The Day After (Hong Sangsoo, 2017)

The Day After (Hong Sangsoo, 2017)

“I think that I have no control over my destiny and that I don’t play the leading role in it.
I think that I can die at any time, I am ready to accept it.
I think everything is less serious than it seems.
In fact, I think that everything is wonderful, always.
I believe in this world.”

Kim Minhee’s angelic presence doesn’t quite know what to make of things when she finds herself in the middle of a Hong Sangsoo movie. Mistaken for her boss’s mistress by the man’s wife and assaulted by her, she flips out. The man tries to calm things down by sitting everyone in a standard Hong shot, people facing each other divided by a table centered in the middle of the frame, running parallel to the camera. But Kim, exasperated, keeps pulling back, leaning her head out of the frame, forcing the camera to pan slightly to capture her and bring her back. Her “I would very much like to be excluded from this narrative” is natural, but she is eventually convinced to stick around, both by the wife’s seeming understanding and the boss’s contrition.

But when his girlfriend, his former assistant, comes back and the boss gives her her job back and fires Kim in the most passive aggressive way possible (“I can only pay one person“) that’s when Kim really flips. She wanted very much to quit, the boss begged her to stay and she agreed. Now he’s firing her and telling her that she didn’t really want to leave, asserting by implication that he has always been the one with power, in control. It’s one thing to be slapped around by a jealous wife because of a mistaken identity, these things happen. But the boss telling her what she wants to do, telling her what she thinks? That is unacceptable. Maybe it contradicts her first statement of belief (“I have no control over my destiny”), but nobody’s perfect.

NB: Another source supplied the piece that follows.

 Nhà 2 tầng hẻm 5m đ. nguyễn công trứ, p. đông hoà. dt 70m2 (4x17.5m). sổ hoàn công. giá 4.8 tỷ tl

The film’s coda reiterates the rest of Kim’s statements of belief, especially the second clause, that she has only been a supporting player in this story, so minor that she’s easily forgotten. But the corollary is also true: the boss and his trite domestic melodrama (along with his pretty but hurt wife and his cute but scheming girlfriend) are merely supporting players in Kim’s story, the story of a woman who met some terrible people once but refused to get involved with them, who wouldn’t let their sickness blind her to the beauty of the light and the snow.